EXTRACTED INFORMATION START

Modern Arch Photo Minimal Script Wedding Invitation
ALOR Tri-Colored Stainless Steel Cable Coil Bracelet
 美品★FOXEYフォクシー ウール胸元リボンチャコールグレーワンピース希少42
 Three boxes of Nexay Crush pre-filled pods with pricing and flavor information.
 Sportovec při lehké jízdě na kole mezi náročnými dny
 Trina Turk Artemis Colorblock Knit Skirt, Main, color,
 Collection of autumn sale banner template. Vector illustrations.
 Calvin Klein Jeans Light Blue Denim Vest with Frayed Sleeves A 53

EXTRACTED INFORMATION END

TRY IT =>
The records above should be given again in full, exactly as written.

TASK RESPONSE =>
Modern Arch Photo Minimal Script Wedding Invitation
ALOR Tri-Colored Stainless Steel Cable Coil Bracelet
 美品★FOXEYフォクシー ウール胸元リボンチャコールグレーワンピース希少42
 Three boxes of Nexay Crush pre-filled pods with pricing and flavor information.
 Sportovec při lehké jízdě na kole mezi náročnými dny
 Trina Turk Artemis Colorblock Knit Skirt, Main, color,
 Collection of autumn sale banner template. Vector illustrations.
 Calvin Klein Jeans Light Blue Denim Vest with Frayed Sleeves A 53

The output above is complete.